SLA breaches generate Max Activity alerts automatically. No manual monitoring needed.
Troubleshooting
All tickets routing to the same agent: check the round-robin or load-balancing logic. Verify that agent availability is evaluated dynamically, not statically.
SLA not being enforced: verify the SLA monitoring workflow is enabled and the trigger interval is correct (every 15 minutes).
Ticket status not updating after agent responds: the status update must be a deliberate node in the response workflow, not an assumed side effect of sending a message.
Customers not getting acknowledgment messages: ensure a Send Message node is on every intake path, even before category routing is complete.
Operational playbook
Use Inbox operations as part of the Frontline Solutions Support operating loop: inspect the current product state, confirm the source context, and decide what should happen next.
The goal is not to memorize screens. The goal is to understand how the product surface supports repeatable work, AI assistance, and accountable handoff.
Best practices
Start with the operational job before changing configuration. Name the owner, define the trigger or source context, and decide how the result should be reviewed.
Prefer narrow, inspectable setups over broad automation. Teammates should be able to explain why the system took an action from the visible product state.
Platform layers involved
Studio defines the workflow and AI agent behavior. Channels capture the customer interaction. CRM provides customer memory. Max Activity shows what the system did and what needs follow-up.
Use the solution page as the business-facing map, then open the related product tutorials when you need configuration detail.
Outcome metrics
Track a small set of operational signals: response time, handoff rate, completion rate, escalation quality, CRM field completeness, reply rate, and repeated failure patterns.
The metric should reflect the business outcome, not only whether the automation ran.
Agent Builder visual map

FAQs
What does Inbox operations teach?
Operate high-volume inbox work with channel context, routing rules, AI summaries, ownership, and escalation review.

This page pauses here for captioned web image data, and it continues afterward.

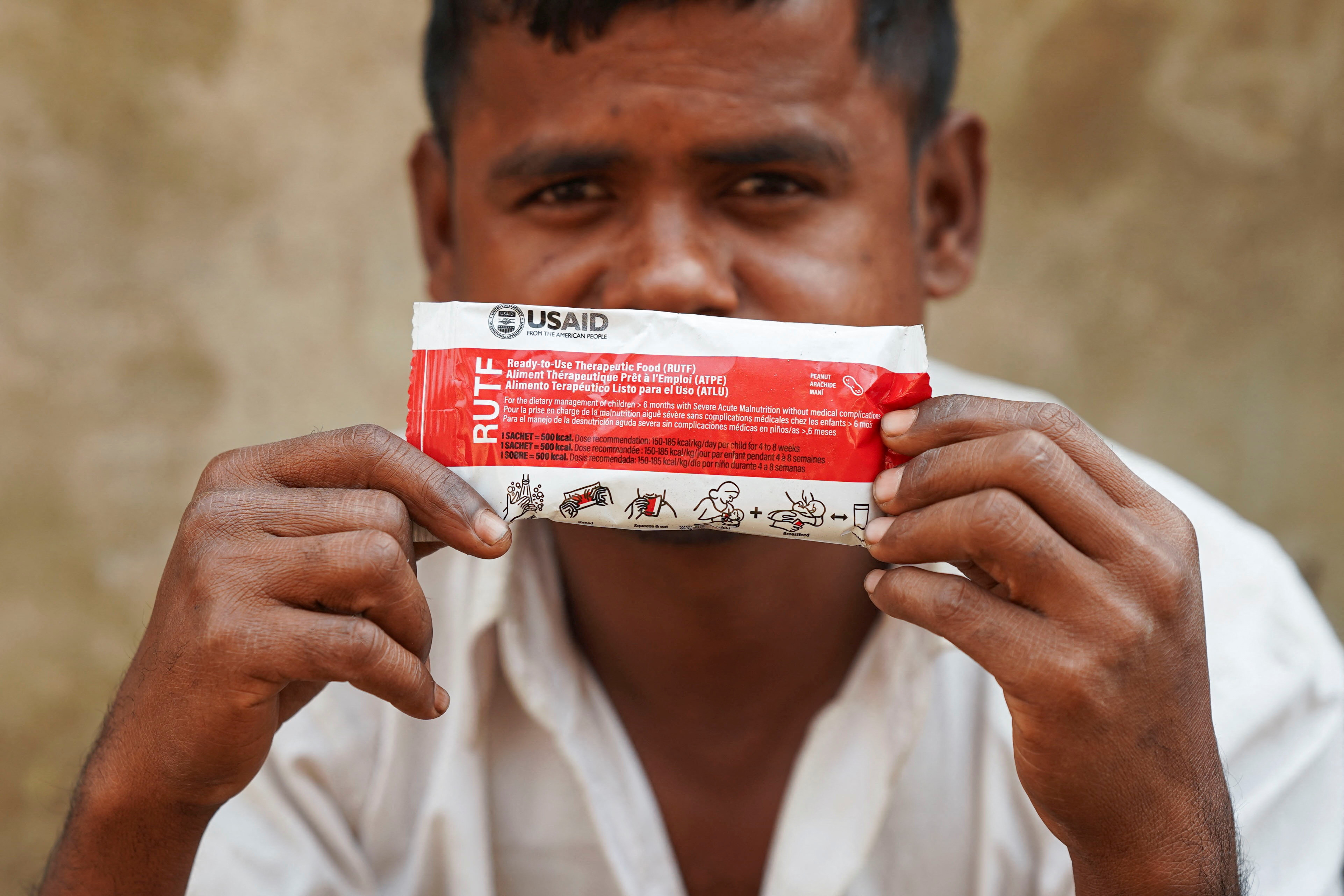 Muhammad Shukkur, 35, a Rohingya man, poses for a picture with a nutrition supplement packet, that has been provided by USAID among Rohingya refugees, in Cox's Bazar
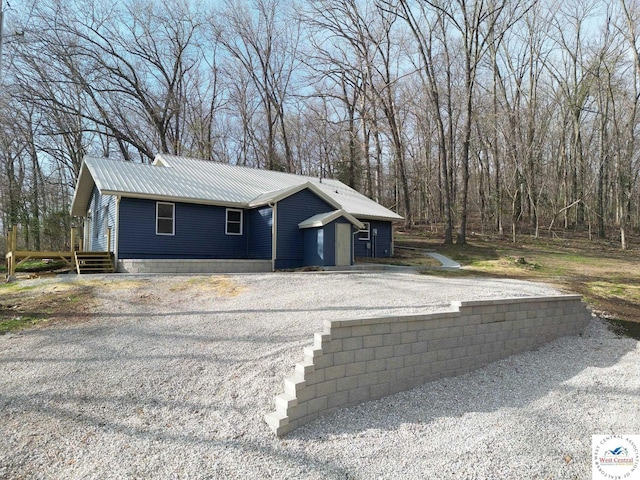 view of side of home featuring gravel driveway and metal roof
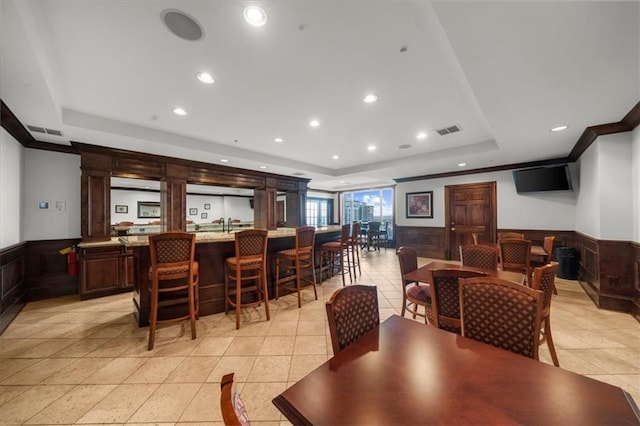3334 Peachtree Rd NE Unit 608, Atlanta, GA 30326 - dining room featuring a tray ceiling, wainscoting, recessed lighting, light tile patterned floors, and crown molding
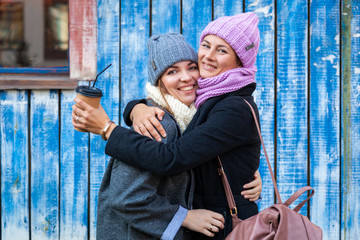 Obraz premium A young women friends in a stylish clothes hug, chat and drink coffee to go around blue wall. The concept of livestyle and outdoor recreation in autumn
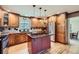 Spacious kitchen featuring wood cabinets, center island, black countertops, and stainless steel refrigerator at 6646 S Fundy Ct, Centennial, CO 80016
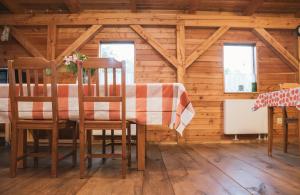 a dining room with a table and chairs in a cabin at Agroturystyka Pod Modrzewiami in Nowy Tomyśl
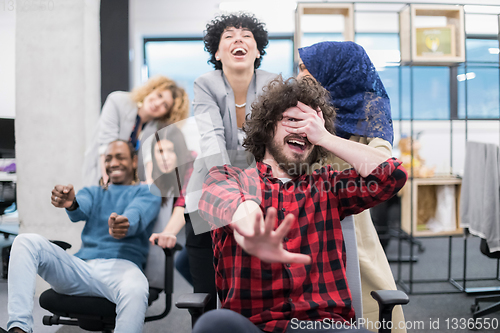 Image of multiethnics business team racing on office chairs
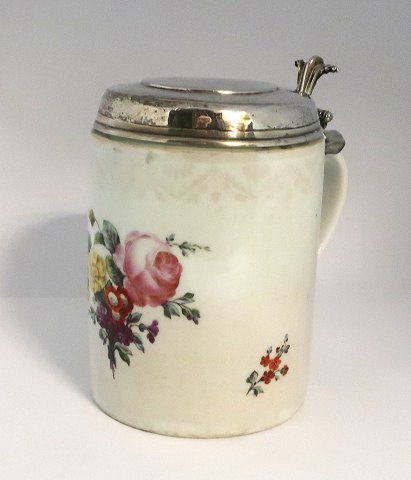 Royal Copenhagen. Lidded mug decorated with flowers with silver lid. Lid not 
stamped. Height 17 cm. Diameter 12 cm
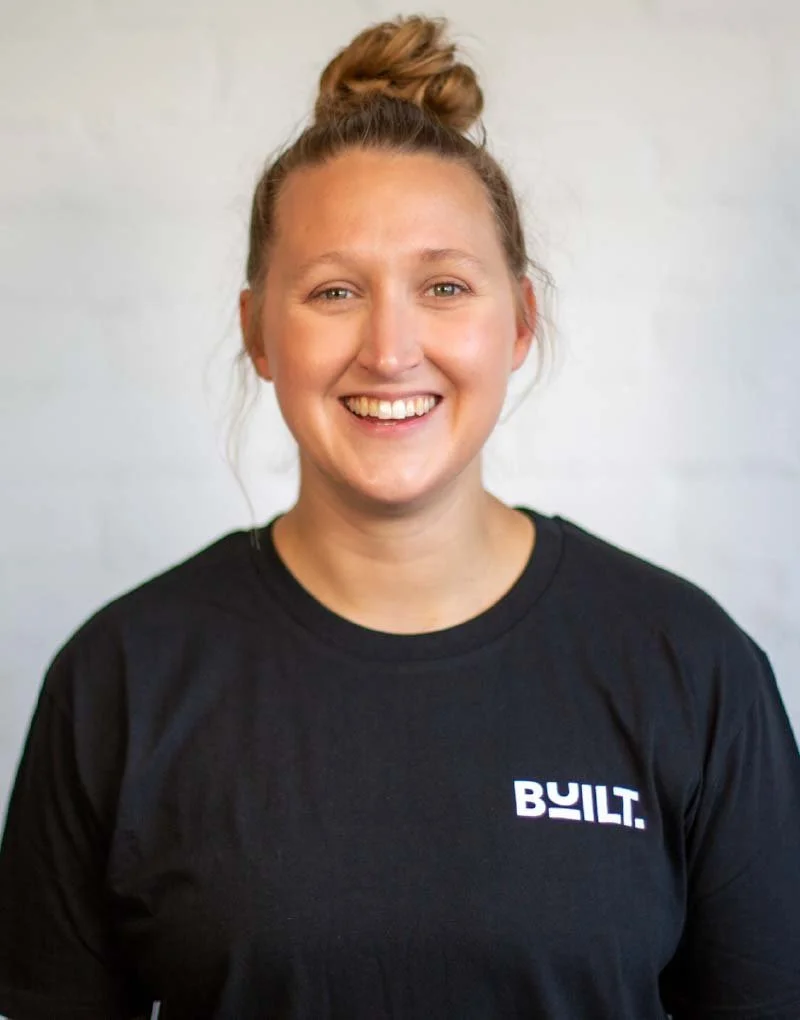 Jasmine, BUILT Training owner and head coach headshot, wearing BUILT branded t-shirt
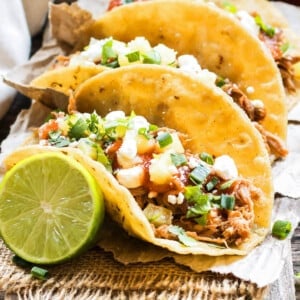 Slow cooker pineapple pulled pork tacos are served with cilantro and a lime.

How should teams use this lesson?
Use it as an implementation guide: create the assets, connect the systems, verify the completed state, and operate the blueprint with review gates.
Which Frontline products are involved in this solution?
Most solution playbooks connect Studio workflows, Channels, CRM records, AI agents, and Max Activity. The business outcome is the entry point; the platform layers make it operational.
How should we decide whether to automate this use case?
Automate when the path is repeated, has clear source context, needs consistent follow-up, or benefits from AI classification, routing, summaries, or structured capture. Keep human review where judgment or risk is high.
What should be visible before this goes live?
Verify the workflow trigger, CRM context, channel permissions, AI agent instructions, handoff owner, logs, and Max Activity output so the team can trace what happened.
How do we keep the customer experience personal?
Use CRM context, conversation history, and approved message patterns. AI should use relevant customer memory, not generic copy, and workflows should escalate when context is missing.
What is the best first version of this playbook?
Start with one channel, one workflow, one owner group, and a narrow success metric. Expand only after logs, activity, and customer-facing outputs are trustworthy.